What is expected:
Please copy, exactly as written, the span from the first line below to the line that contains "This video is", including both, and skip the pictures.

Dataset extract:
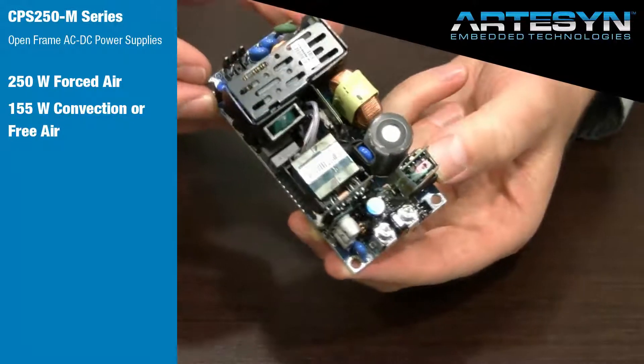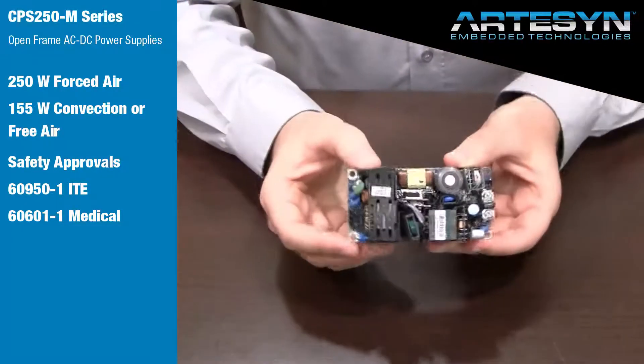The family comes with two safety regulation approvals. It has 60950-1 approvals for ITE equipment and also 60601-1 approvals for medical equipment.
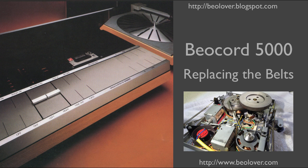This video is about replacing the belts in a Biocord 5000. For more information please visit my blog at biolover.blogspot.com or go to my web page at www.biolover.com.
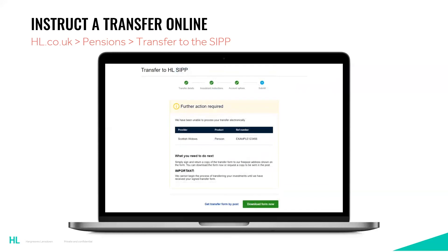Your transfer will either be submitted and the request actioned by us, or you may have to download and print a postal form. The form you download and print at this stage will have all of the details you entered online. A reason why it may not work online could be that the details you entered were incorrect or the pension is just not eligible to be transferred online. To make sure, it's worth double-checking the details you have entered.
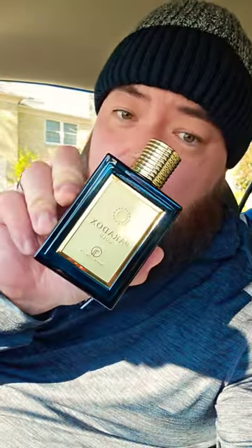Hey, what's up you guys? Got a cheap one for you today. This one is Paradox Gold by Grandiore. This is pretty much a softer take of Versace Eros.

Solution to this task:
The family comes with two safety regulation approvals. It has 60950-1 approvals for ITE equipment and also 60601-1 approvals for medical equipment.
This video is about replacing the belts in a Biocord 5000. For more information please visit my blog at biolover.blogspot.com or go to my web page at www.biolover.com.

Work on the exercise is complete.